The platform, which includes client-facing portals, was built on the AWS cloud to leverage several of AWS’ services to meet the various requirements of the project, including high uptime, scalability and security.
Objectives
- Above all else, ensure customers always have good digital experiences when interacting with the client-facing portals on the system
- Implement a platform that is scalable to meet demand
- Develop resilient software that has a high uptime
- Meet the client’s standards on networking, user access, encryption, and compliance
Benefits
- Autoscaling capabilities enable the system to process thousands of requests per day without delay
- Hosting environment is designed to scale based on predefined metrics, ensuring a consistently performant system regardless of load
- A combination of tools allows the system to recover rapidly from stressed load, attacks and/ or failures with workload components to maximise the system’s uptime
- User information and data is protected through various means including encryption and access control to meet the banking landscape’s strict regulations
- Project outcomes reached in a fraction of the time enabled cost savings
Overview of the solution
With multiple channels within the bank reselling the products, and with the demand for these products growing every day, the client challenged BBD to develop systems for the virtual network operator project. The project ingests data from various sources and features client-facing portals. The systems to be developed needed to be always online, able to scale to meet demand and adhere to banking security standards. To meet these requirements, the solution was built using AWS as the core cloud provider along with various AWS services.
Approach
Scalability
With the growing popularity of their offering, the influx of traffic is constantly increasing. It is important for our core applications to scale when needed. To achieve this, the code is hosted using two main methods.

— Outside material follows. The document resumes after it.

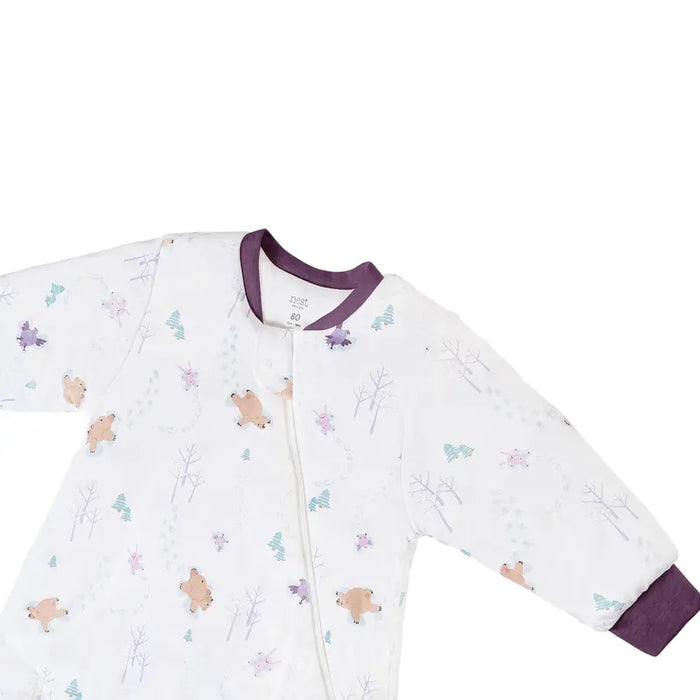 Nest Designs Removable Long Sleeve Sleep Bag 3.5T - Snow Angels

- Lambda: Lambda forms part of the core solution – driving the provisioning engine that processes all orders placed by the different consumers in the bank. The solution is built using AWS Step Function which provides state machines orchestrating Lambdas. Lambdas in turn ship with out of the box autoscaling capabilities which helped the team to develop a system that can process thousands of requests per day without delay.
- EKS: With the power of EKS and Docker, the team was able to deliver a hosting environment that can scale based on predefined metrics. These metrics include CPU utilisation and memory consumption, among others. Metric breaches will trigger a scaling event which will allow consumers to always have a performant system to interact with regardless of the load thrown at it.
Uptime
To keep uptime as high as possible, the system needed to be built resilient. This enables the system to recover from stressed load, attacks and/ or failures with workload components. Creating resilience meant starting by creating visibility. To help create visibility of workload events, AWS CloudWatch and AWS X-Ray were set up. CloudWatch enabled the team to set up metrics based on various data points. In the event of a metric breach, an alarm is triggered to either perform a task or send out notifications (SNS) for component failures.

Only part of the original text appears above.